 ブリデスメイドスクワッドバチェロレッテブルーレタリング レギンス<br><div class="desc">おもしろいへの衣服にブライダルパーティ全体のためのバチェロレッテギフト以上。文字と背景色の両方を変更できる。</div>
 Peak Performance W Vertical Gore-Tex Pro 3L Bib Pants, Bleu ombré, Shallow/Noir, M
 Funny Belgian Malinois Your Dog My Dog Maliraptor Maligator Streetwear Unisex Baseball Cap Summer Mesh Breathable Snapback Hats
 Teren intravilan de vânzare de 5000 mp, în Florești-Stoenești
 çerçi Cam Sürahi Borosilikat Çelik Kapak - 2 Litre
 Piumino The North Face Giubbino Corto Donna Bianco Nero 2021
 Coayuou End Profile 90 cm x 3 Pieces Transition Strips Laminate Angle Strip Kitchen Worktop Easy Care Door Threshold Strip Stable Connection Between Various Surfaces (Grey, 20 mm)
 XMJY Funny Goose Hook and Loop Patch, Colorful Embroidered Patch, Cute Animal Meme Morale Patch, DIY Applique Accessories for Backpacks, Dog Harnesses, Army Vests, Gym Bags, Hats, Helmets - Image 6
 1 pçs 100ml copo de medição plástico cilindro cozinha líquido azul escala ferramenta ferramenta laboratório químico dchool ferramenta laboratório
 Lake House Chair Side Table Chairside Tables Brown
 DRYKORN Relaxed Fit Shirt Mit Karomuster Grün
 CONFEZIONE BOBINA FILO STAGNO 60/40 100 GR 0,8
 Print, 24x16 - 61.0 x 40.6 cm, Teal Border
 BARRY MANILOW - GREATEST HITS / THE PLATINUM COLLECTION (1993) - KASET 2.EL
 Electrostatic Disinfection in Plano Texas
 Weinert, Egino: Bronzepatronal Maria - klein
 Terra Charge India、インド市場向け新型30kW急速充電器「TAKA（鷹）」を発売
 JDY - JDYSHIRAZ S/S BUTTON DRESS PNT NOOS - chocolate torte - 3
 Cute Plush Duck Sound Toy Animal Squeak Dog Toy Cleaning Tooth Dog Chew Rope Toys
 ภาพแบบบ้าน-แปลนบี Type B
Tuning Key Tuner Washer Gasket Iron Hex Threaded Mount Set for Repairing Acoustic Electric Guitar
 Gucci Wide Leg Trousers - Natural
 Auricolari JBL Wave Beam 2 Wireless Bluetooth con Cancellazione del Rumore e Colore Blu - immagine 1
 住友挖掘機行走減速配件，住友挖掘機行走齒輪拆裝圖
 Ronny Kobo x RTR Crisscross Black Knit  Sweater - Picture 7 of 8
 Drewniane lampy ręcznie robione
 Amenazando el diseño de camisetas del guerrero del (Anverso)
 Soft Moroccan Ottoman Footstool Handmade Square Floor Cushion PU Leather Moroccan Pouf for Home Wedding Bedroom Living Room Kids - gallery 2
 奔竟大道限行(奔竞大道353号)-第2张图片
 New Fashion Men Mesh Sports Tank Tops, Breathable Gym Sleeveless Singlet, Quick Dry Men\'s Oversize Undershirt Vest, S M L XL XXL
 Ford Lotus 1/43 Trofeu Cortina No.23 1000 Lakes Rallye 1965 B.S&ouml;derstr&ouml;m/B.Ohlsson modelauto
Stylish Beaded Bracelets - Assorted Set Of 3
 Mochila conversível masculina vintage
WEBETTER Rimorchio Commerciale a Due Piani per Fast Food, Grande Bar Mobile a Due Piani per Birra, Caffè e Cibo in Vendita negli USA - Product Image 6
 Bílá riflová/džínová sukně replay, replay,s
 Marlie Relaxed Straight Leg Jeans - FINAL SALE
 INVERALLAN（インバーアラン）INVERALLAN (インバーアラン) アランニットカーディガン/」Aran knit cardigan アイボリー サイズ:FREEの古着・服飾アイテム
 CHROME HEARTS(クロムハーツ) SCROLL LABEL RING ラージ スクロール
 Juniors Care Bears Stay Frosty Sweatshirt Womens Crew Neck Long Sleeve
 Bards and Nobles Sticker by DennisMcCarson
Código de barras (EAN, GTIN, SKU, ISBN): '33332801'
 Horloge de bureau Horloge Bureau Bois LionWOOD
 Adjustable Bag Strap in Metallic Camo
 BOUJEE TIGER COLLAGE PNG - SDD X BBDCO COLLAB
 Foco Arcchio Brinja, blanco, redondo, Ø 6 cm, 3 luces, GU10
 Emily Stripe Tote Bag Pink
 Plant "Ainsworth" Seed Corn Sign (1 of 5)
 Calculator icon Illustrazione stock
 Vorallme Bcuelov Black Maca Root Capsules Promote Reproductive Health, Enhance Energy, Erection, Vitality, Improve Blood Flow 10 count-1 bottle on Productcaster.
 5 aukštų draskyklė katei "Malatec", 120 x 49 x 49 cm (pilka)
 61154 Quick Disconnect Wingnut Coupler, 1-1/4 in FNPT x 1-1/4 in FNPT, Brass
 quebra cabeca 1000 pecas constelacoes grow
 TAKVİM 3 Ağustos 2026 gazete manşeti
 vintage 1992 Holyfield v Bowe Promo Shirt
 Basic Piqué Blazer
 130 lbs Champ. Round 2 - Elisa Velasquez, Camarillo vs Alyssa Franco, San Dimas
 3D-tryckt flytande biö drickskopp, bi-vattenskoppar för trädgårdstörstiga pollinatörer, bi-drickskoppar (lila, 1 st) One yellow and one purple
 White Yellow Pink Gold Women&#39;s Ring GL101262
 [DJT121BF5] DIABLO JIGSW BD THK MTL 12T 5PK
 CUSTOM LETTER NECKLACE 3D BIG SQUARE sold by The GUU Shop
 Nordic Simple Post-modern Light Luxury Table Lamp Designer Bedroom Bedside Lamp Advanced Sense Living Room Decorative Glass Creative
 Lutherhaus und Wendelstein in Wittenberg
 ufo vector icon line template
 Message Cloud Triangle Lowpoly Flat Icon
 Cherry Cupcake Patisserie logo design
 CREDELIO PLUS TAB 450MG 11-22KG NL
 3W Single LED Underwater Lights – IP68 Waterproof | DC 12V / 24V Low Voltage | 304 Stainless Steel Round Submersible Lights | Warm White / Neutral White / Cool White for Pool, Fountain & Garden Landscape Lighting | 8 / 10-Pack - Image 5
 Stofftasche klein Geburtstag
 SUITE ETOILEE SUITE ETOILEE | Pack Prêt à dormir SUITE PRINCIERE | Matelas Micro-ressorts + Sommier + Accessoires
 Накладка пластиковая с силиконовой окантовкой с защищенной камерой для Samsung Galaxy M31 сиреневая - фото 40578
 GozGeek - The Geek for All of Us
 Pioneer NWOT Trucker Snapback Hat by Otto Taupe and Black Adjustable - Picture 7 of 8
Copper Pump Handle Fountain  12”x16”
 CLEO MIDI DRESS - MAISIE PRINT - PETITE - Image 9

....................

## Aim of the task
In restating the data, begin at its first line, reproduce each line word for word, and conclude with the line that contains "Electrostatic Disinfection in Plano Texas".

## Result
 ブリデスメイドスクワッドバチェロレッテブルーレタリング レギンス<br><div class="desc">おもしろいへの衣服にブライダルパーティ全体のためのバチェロレッテギフト以上。文字と背景色の両方を変更できる。</div>
 Peak Performance W Vertical Gore-Tex Pro 3L Bib Pants, Bleu ombré, Shallow/Noir, M
 Funny Belgian Malinois Your Dog My Dog Maliraptor Maligator Streetwear Unisex Baseball Cap Summer Mesh Breathable Snapback Hats
 Teren intravilan de vânzare de 5000 mp, în Florești-Stoenești
 çerçi Cam Sürahi Borosilikat Çelik Kapak - 2 Litre
 Piumino The North Face Giubbino Corto Donna Bianco Nero 2021
 Coayuou End Profile 90 cm x 3 Pieces Transition Strips Laminate Angle Strip Kitchen Worktop Easy Care Door Threshold Strip Stable Connection Between Various Surfaces (Grey, 20 mm)
 XMJY Funny Goose Hook and Loop Patch, Colorful Embroidered Patch, Cute Animal Meme Morale Patch, DIY Applique Accessories for Backpacks, Dog Harnesses, Army Vests, Gym Bags, Hats, Helmets - Image 6
 1 pçs 100ml copo de medição plástico cilindro cozinha líquido azul escala ferramenta ferramenta laboratório químico dchool ferramenta laboratório
 Lake House Chair Side Table Chairside Tables Brown
 DRYKORN Relaxed Fit Shirt Mit Karomuster Grün
 CONFEZIONE BOBINA FILO STAGNO 60/40 100 GR 0,8
 Print, 24x16 - 61.0 x 40.6 cm, Teal Border
 BARRY MANILOW - GREATEST HITS / THE PLATINUM COLLECTION (1993) - KASET 2.EL
 Electrostatic Disinfection in Plano Texas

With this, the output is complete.